> **Task requirements**
Each line from the one containing "Miss_M_Patel's tweet image." to the end of the records below should be restated word for word; please leave out all other lines.
********************
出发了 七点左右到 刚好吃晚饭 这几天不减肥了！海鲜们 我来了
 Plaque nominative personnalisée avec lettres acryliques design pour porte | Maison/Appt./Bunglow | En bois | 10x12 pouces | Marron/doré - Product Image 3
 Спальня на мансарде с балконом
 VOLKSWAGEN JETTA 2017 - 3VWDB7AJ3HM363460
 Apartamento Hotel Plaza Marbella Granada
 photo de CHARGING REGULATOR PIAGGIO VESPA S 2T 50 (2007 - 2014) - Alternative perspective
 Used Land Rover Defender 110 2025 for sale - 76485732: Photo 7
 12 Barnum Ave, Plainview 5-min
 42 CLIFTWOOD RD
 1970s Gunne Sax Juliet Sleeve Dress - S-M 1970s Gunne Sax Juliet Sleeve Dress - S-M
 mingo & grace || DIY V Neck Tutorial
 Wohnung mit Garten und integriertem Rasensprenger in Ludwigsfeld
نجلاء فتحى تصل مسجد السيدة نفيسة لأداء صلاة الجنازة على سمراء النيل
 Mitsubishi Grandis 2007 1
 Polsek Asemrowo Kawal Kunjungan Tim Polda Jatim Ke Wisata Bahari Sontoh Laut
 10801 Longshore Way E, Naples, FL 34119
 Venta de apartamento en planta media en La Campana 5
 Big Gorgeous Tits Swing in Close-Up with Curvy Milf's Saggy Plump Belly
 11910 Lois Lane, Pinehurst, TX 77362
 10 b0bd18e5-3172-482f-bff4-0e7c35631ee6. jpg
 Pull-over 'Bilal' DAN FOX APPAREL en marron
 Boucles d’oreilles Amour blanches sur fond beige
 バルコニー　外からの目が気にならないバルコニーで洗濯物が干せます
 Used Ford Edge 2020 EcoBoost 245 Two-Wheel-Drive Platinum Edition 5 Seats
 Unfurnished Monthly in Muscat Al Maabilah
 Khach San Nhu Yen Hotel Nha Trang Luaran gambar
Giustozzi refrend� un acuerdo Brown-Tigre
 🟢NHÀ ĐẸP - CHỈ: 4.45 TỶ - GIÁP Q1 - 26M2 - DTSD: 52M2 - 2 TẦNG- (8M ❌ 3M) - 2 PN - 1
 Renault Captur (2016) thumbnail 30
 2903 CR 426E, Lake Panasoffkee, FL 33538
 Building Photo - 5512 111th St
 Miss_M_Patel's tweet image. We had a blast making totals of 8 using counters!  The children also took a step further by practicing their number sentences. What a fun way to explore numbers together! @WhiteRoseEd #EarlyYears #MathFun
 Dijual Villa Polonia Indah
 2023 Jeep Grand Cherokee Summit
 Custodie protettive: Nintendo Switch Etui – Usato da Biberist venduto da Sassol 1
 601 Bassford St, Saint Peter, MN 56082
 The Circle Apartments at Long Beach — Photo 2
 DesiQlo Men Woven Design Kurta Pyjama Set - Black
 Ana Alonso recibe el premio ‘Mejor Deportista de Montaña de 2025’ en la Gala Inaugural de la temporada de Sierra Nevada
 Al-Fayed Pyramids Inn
********************
> **Answer box**
 Miss_M_Patel's tweet image. We had a blast making totals of 8 using counters!  The children also took a step further by practicing their number sentences. What a fun way to explore numbers together! @WhiteRoseEd #EarlyYears #MathFun
 Dijual Villa Polonia Indah
 2023 Jeep Grand Cherokee Summit
 Custodie protettive: Nintendo Switch Etui – Usato da Biberist venduto da Sassol 1
 601 Bassford St, Saint Peter, MN 56082
 The Circle Apartments at Long Beach — Photo 2
 DesiQlo Men Woven Design Kurta Pyjama Set - Black
 Ana Alonso recibe el premio ‘Mejor Deportista de Montaña de 2025’ en la Gala Inaugural de la temporada de Sierra Nevada
 Al-Fayed Pyramids Inn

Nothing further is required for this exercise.